Aim of the task: Beneath this line is the data. Output exactly the lines from the line with "Soch Blue Printed Straight Kurtis-image-95" to the line with "Wunderlove Black Floral", both ends included, and nothing more.

Stored items from a collection:
———

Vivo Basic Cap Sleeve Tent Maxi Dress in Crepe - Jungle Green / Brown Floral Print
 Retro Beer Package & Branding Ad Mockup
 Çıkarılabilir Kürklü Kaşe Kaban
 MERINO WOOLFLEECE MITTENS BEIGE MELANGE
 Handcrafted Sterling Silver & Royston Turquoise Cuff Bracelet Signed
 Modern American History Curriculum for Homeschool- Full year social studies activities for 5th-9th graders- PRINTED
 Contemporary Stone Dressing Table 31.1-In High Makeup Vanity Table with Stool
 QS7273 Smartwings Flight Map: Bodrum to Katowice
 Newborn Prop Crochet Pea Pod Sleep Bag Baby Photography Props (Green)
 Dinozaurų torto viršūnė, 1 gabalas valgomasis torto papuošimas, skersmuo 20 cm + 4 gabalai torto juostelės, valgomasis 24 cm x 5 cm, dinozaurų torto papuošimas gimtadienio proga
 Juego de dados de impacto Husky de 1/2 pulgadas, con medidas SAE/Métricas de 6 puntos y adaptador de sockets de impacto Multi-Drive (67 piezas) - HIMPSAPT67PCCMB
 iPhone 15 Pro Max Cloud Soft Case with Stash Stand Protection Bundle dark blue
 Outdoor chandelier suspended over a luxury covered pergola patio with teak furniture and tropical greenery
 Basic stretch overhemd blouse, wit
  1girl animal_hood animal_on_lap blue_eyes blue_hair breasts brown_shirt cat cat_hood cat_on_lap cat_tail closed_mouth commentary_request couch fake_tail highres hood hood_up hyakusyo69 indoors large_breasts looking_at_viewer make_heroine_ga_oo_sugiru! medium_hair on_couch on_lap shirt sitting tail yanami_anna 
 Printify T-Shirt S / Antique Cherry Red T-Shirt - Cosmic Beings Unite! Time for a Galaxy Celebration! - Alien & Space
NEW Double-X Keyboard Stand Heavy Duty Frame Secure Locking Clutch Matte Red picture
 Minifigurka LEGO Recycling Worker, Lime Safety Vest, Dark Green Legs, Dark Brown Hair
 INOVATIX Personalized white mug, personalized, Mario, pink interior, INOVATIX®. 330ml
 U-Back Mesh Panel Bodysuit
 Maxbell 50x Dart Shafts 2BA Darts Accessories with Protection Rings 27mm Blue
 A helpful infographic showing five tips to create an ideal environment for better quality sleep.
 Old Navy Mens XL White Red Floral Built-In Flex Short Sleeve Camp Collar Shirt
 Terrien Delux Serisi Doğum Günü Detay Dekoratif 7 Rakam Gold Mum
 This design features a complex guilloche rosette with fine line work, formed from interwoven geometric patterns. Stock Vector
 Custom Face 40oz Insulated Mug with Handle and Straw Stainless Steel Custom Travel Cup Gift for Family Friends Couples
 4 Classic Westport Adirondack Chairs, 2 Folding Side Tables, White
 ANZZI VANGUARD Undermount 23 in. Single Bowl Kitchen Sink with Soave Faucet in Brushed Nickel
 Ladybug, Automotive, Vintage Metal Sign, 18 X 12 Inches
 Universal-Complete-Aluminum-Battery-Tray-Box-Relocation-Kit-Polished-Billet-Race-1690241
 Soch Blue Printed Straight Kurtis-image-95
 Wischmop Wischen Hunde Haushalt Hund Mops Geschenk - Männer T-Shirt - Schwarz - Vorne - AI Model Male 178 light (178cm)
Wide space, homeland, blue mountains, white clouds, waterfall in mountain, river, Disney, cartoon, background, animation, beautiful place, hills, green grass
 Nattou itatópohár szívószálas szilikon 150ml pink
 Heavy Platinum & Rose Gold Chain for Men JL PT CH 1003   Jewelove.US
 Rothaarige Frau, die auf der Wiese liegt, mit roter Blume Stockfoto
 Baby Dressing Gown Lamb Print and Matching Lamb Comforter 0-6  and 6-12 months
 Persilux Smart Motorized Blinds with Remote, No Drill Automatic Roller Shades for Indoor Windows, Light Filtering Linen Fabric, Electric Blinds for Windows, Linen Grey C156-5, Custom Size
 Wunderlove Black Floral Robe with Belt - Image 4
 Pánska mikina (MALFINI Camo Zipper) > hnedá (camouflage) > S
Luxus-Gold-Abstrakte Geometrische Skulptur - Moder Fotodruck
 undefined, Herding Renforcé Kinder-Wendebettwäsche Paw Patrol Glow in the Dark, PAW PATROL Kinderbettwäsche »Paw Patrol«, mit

———

Solution to this task:
 Soch Blue Printed Straight Kurtis-image-95
 Wischmop Wischen Hunde Haushalt Hund Mops Geschenk - Männer T-Shirt - Schwarz - Vorne - AI Model Male 178 light (178cm)
Wide space, homeland, blue mountains, white clouds, waterfall in mountain, river, Disney, cartoon, background, animation, beautiful place, hills, green grass
 Nattou itatópohár szívószálas szilikon 150ml pink
 Heavy Platinum & Rose Gold Chain for Men JL PT CH 1003   Jewelove.US
 Rothaarige Frau, die auf der Wiese liegt, mit roter Blume Stockfoto
 Baby Dressing Gown Lamb Print and Matching Lamb Comforter 0-6  and 6-12 months
 Persilux Smart Motorized Blinds with Remote, No Drill Automatic Roller Shades for Indoor Windows, Light Filtering Linen Fabric, Electric Blinds for Windows, Linen Grey C156-5, Custom Size
 Wunderlove Black Floral Robe with Belt - Image 4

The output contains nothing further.